Documenting Procedures

While not mandatory, having a written complaints procedure can demonstrate compliance. Publicly sharing this procedure may ease operational burdens by guiding individuals through the necessary channels, thereby setting clear expectations.

Updating Internal Processes

Organizations should refine processes for handling complaints, including:

• Establishing timelines for responses that meet the “without undue delay” requirement.
• Confirming the identity of complainants, especially if complaints are submitted on behalf of others.
• Keeping comprehensive records throughout the complaint process.
• Training staff to recognize and escalate complaints appropriately.
• Reviewing existing agreements to ensure proactive collaboration on complaints.

Guidance from the ICO

The Information Commissioner’s Office (ICO) has offered valuable insights into implementing the DUAA’s requirements. Here are some highlights:

1. Acknowledgment: Complaints must be acknowledged within 30 days, extending to the next working day if the deadline lands on a weekend or public holiday.

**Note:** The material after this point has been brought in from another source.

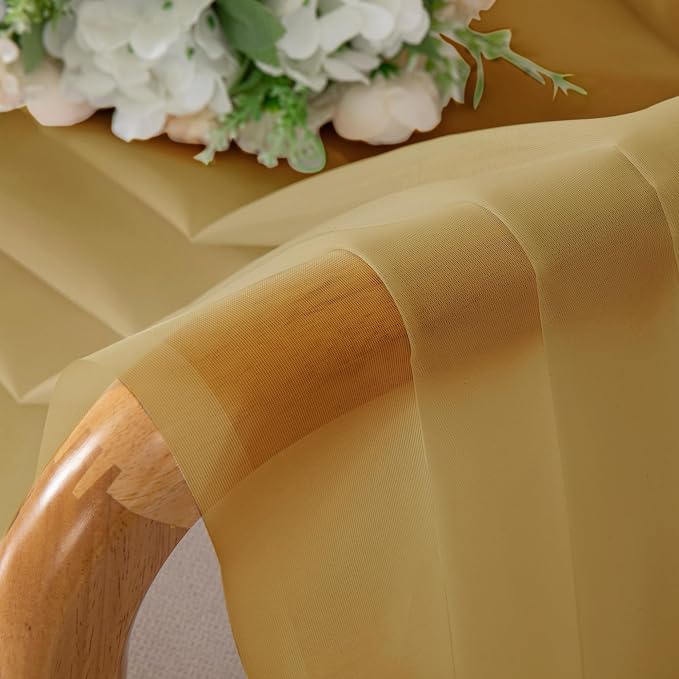 OVZME Gold Sheer Curtains 78 Inches Long 2 Panels - Image 7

2. Timely Investigation: Organizations should start investigating complaints immediately upon receipt. Factors like complexity and potential harm will inform what constitutes undue delay.

3. Update Complainants: Keeping individuals updated on timelines and potential delays enhances transparency without overwhelming them with details of every investigative step.

4. Maintain Records: Comprehensive records of complaints—including dates, correspondence, outcomes, and any remedial actions—support compliance monitoring and might be requested by the ICO.

5. Conclude and Communicate: Providing the outcome without unjustifiable delay is critical. Organizations should clearly explain findings and any actions taken. If a complainant remains dissatisfied, they should be reminded of their right to escalate to the ICO.

Direct Complaints to the ICO

If individuals choose to approach the ICO first, organizations typically are not obligated to take further action unless contacted. However, the ICO generally advocates for complainants to first engage with the organization, mirroring a broader regulatory shift favoring “controller-first” resolution approaches.

Preparing for the Deadline

With the looming June 2026 deadline, organizations must reassess their complaint-handling frameworks against the DUAA’s specifications and ICO guidelines. The focus should be on clearly identifying complaints across all communication channels, ensuring prompt investigations, and meticulously tracking compliance efforts.

Timely preparation will be crucial in mitigating regulatory scrutiny and avoiding operational hiccups when the new regime is enacted.